Planned Parenthood Wisconsin Facing Tough Times After Cuts

State   |   Steven Ertelt   |   Aug 22, 2011   |   12:03PM   |   Madison, WI

The Wisconsin affiliate of the Planned Parenthood abortion business is facing tough economic times following a decision by state legislators to cut off $1 million in taxpayer funding for the agency.

The legislation redirects $1 million in state and federal family planning funds away from Planned Parenthood of Wisconsin. In 2010 Planned Parenthood of Wisconsin received more than $18 million in federal and state family planning funds that it claims has reduced abortions. However, the abortion business did 5,439 abortions in 2009, a 56% increase from 2008. Three of the nine Planned Parenthood centers in the state do abortions and the other six make referrals for abortions.

Responding to the budget cuts, Planned Parenthood engaged in aggressive fundraising efforts that it tells The Northwestern newspaper has resulted in a 180 percent increase in donations – but not enough to make up for the loss of taxpayer revenue.

Now, abortion advocates are resorting to scare tactics to complain about the funding cuts. Judie Koeppler, an Oshkosh woman who is a member of Concerned Citizens for Women’s 
Health, told the newspaper she worries women will die from botched self-induced abortions because the abortion giant is not getting as much in funding from the state government. She complained to the newspaper that the Planned Parenthood of Wisconsin center in Oshkosh is losing $128,283 in funds from taxpayers.

Although abortion backers complain women will have less access to legitimate health care, Sam Austin, an analyst with the Legislative Fiscal Bureau, told the newspaper that all of the funds previously slated for Planned Parenthood will be redirected to county health departments that provide health care without doing abortions.

Rep. Michelle Litjens, R-
Vinland, defended the cuts in an interview with the newspaper and said Planned Parenthood is more concerned with getting taxpayer funds than women’s health — since women can receive the same or better health care elsewhere.

“I just don’t believe that in any way, shape or form the state should subsidize abortion,” Litjens said. “If (Planned Parenthood) decided not to do abortions or abortion referrals they would be eligible for (more) money. The choice is Planned Parenthood’s.”

She said women aren’t losing because the money is shifting to county health departments that provide women with medical help without being a place that also injures them and kills unborn children in abortions.

“In the original budget, the governor cut well-woman coverage in half but the Legislature fully restored it with the stipulation that the money not to be given to any place that provides abortions,” she said.

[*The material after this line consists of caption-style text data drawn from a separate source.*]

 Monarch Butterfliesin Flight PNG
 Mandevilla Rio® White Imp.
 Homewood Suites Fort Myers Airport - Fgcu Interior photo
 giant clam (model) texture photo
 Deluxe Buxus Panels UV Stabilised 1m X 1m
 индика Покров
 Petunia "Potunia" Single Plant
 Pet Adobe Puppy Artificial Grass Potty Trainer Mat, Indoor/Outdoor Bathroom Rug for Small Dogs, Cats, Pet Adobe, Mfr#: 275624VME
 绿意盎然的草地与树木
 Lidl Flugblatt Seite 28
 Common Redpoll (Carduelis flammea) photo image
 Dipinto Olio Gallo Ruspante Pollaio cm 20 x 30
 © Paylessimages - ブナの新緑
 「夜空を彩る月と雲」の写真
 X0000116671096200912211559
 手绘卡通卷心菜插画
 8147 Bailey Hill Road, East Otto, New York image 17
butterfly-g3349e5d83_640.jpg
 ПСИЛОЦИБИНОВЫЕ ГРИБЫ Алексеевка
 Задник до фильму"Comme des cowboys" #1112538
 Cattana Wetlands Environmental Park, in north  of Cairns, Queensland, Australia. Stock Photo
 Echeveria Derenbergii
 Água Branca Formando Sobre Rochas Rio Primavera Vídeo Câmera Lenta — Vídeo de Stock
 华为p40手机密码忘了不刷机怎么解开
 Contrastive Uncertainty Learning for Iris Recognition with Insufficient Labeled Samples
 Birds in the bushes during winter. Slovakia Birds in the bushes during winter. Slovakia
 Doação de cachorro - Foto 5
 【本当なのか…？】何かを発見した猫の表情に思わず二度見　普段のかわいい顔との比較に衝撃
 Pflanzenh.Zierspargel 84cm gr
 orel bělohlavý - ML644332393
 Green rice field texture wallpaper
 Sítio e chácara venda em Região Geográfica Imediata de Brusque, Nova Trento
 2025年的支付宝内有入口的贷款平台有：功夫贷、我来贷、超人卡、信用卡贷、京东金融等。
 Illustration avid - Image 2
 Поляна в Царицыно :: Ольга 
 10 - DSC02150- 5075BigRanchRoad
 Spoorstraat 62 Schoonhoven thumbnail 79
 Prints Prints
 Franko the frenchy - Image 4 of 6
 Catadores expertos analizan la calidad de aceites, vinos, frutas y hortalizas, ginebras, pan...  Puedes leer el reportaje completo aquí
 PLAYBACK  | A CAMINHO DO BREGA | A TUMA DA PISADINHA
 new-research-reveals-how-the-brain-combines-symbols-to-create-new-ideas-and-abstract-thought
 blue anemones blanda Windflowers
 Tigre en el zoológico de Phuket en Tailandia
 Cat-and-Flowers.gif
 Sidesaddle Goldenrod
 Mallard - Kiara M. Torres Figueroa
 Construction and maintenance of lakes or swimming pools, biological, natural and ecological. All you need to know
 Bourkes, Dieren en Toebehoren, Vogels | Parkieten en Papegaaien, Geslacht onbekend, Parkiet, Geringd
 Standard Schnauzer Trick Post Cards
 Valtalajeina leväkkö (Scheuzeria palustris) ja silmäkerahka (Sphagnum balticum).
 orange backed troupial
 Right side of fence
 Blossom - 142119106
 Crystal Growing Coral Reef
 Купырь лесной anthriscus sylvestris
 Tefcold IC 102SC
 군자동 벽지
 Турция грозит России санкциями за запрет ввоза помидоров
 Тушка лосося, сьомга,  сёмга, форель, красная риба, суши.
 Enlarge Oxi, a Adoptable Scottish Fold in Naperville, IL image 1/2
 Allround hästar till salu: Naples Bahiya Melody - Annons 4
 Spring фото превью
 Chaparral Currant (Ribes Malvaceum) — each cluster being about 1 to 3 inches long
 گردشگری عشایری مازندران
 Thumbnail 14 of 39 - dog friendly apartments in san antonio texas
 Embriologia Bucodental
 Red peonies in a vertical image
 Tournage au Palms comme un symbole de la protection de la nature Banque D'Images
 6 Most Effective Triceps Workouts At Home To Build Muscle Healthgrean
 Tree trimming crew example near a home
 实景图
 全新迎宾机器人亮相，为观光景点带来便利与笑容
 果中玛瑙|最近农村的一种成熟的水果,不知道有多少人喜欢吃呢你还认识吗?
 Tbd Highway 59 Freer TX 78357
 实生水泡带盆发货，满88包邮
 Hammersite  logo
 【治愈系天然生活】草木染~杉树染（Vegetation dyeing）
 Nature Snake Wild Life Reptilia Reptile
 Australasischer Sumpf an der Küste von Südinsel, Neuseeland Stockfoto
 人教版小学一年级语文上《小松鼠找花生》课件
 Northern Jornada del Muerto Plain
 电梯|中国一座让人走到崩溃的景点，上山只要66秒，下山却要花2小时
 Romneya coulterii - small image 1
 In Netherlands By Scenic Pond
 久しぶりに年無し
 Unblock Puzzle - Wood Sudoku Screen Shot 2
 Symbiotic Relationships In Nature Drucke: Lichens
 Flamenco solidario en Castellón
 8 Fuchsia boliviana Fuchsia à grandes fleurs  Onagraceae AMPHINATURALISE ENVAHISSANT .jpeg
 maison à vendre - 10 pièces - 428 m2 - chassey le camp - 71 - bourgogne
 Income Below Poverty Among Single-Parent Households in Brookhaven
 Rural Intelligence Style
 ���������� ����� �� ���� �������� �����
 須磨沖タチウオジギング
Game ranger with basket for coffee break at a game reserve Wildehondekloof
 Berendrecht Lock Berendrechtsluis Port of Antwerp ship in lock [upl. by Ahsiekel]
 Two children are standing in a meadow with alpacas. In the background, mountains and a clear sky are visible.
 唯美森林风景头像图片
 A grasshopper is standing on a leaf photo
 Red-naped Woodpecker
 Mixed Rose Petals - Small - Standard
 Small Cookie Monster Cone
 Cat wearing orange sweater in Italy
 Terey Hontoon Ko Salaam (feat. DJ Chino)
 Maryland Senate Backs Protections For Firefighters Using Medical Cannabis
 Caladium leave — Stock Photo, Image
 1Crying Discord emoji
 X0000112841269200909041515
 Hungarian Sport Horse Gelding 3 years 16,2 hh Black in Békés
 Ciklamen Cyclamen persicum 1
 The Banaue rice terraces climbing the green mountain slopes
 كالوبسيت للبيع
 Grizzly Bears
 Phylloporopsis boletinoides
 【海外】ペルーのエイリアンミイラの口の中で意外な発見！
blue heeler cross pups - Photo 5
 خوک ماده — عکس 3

After he signed the budget, Wisconsin Right to Life praised Walker, with legislative director Susan Armacost saying, “Governor Walker and the state legislature acted courageously to protect Wisconsin taxpayers from having their tax dollars used to destroy human life. While there is more work to be done to protect taxpayers from paying for abortions, this state budget has greatly improved the situation.  On behalf of Wisconsin Right to Life members and supporters throughout the state, we extend our heartfelt thanks to Governor Walker and the legislature.”

Sen. Glenn Grothman, a Republican, said he is glad Planned Parenthood is losing some of its taxpayer funding in Wisconsin, but he wants to see the de-funding effort move forward with eliminating all or most of the remaining $18 million Planned Parenthood receives annually.

“There’s a very ugly side to this organization, and I regret that they’re going to take such a tiny cut in this budget,” Grothman said.

In other states, Indiana approved a law de-funding Planned Parenthood, and New Hampshire Planned Parenthood centers may close after the state revoked a $1.8 million grant. Montana Planned Parenthood is also grappling with funding cuts and one county in Tennessee de-funded Planned Parenthood. Kansas is fighting to keep its de-funding decision in place. In North Carolina, a federal judge is forcing the state to go back on its decision to de-fund Planned Parenthood.

Ohio lawmakers also filed a new bill to shift funding from Planned Parenthood to health departments. Planned Parenthood could lose as much as $64 million in Texas.